(Supplied material)

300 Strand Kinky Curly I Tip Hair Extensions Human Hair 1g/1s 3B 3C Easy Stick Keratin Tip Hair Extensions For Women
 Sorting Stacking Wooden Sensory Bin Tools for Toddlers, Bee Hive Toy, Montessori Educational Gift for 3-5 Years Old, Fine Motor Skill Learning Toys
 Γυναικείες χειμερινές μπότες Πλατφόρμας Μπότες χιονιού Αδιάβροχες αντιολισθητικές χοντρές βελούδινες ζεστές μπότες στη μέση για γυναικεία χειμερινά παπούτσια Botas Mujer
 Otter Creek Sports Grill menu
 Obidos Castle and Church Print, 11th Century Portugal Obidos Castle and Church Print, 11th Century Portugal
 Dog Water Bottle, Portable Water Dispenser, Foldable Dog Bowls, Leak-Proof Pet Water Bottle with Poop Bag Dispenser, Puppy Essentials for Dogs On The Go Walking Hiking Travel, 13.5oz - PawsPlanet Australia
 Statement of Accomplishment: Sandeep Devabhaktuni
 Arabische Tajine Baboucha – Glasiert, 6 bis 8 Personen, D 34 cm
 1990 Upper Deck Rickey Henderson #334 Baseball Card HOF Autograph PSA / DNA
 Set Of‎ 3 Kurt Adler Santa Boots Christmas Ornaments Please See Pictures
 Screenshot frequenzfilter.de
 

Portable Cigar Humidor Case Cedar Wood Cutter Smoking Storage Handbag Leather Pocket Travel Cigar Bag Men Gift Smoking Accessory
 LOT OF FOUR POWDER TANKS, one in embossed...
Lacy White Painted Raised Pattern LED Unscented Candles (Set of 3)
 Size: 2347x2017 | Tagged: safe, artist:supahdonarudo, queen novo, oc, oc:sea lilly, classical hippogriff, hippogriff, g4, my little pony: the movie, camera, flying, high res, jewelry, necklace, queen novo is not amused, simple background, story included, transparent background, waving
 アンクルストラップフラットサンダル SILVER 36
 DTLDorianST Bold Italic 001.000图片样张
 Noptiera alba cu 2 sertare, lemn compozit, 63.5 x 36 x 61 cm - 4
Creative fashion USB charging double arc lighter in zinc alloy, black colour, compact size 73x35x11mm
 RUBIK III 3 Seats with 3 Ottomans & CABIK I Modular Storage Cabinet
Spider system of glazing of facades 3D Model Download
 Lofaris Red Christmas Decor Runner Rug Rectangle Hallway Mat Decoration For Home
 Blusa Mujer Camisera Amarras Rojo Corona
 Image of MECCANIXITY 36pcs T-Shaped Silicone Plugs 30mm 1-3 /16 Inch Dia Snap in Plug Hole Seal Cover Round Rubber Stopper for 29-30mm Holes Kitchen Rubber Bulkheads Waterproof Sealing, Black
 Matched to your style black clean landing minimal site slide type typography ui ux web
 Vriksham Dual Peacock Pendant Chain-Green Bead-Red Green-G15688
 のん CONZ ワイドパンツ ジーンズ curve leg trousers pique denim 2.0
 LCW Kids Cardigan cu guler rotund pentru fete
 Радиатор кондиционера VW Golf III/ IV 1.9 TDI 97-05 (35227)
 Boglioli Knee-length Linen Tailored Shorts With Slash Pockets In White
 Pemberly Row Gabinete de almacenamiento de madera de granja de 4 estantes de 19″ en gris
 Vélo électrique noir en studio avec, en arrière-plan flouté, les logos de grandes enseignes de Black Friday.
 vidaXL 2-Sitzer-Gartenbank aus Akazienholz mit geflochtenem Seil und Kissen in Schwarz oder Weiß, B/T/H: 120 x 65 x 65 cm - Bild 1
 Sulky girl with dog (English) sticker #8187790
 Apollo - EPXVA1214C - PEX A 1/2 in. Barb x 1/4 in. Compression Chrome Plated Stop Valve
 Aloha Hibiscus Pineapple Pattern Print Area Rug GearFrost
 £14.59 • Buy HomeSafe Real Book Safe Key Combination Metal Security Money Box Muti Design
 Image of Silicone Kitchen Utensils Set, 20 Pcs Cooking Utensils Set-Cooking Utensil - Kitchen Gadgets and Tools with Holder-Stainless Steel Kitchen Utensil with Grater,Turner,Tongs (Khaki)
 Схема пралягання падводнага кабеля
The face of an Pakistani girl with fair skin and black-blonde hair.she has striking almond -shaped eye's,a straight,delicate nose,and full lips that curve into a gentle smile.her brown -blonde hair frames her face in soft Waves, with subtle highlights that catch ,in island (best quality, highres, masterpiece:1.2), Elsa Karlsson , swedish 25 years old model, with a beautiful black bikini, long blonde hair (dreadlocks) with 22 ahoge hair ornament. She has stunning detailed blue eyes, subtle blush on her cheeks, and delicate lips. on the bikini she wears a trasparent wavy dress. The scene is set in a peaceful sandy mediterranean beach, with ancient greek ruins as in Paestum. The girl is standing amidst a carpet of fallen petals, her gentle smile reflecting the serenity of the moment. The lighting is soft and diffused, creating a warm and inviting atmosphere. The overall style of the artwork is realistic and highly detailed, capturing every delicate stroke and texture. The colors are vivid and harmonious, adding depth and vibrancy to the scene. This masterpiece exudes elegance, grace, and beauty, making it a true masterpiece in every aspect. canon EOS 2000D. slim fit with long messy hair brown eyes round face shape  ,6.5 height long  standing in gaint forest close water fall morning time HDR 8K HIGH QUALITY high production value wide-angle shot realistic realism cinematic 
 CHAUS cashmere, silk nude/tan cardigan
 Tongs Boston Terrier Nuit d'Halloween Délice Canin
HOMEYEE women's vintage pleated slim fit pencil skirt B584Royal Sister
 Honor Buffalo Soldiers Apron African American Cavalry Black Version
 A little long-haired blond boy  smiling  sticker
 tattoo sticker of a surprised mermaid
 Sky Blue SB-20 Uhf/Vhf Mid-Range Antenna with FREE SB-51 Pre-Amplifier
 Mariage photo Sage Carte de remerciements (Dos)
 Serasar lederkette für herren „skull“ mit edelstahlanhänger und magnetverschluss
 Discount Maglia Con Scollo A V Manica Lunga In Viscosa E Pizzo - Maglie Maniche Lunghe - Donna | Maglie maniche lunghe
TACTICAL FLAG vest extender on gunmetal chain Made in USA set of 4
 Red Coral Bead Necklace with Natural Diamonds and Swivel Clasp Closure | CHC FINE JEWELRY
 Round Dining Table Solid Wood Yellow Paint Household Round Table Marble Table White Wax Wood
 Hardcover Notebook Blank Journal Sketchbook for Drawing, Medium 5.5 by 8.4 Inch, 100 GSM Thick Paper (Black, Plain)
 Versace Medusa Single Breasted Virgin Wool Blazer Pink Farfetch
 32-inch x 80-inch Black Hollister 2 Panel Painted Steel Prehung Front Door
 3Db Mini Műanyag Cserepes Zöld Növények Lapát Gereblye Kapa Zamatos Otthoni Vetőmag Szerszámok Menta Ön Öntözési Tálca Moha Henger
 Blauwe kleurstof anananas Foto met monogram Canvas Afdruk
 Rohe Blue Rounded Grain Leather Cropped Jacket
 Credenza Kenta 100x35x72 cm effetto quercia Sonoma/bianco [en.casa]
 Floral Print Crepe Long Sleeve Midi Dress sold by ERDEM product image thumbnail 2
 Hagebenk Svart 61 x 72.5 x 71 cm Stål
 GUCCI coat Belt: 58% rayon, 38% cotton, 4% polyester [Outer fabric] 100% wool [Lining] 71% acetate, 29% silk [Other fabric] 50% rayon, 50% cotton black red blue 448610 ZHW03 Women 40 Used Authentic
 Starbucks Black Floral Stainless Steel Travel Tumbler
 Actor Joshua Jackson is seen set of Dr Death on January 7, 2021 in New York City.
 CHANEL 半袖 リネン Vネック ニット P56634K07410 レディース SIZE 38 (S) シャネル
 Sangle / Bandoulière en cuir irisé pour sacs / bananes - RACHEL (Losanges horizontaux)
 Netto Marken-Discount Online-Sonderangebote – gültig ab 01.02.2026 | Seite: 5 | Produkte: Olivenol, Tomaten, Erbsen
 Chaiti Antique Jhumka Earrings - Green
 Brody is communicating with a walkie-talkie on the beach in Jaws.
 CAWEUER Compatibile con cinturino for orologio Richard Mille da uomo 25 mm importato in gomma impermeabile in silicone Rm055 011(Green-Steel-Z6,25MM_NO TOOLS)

(End Supplied material)

### What is being asked
Given the entries above, count how many lines include the word "Leather"; respond with the number only.

### Answer box
2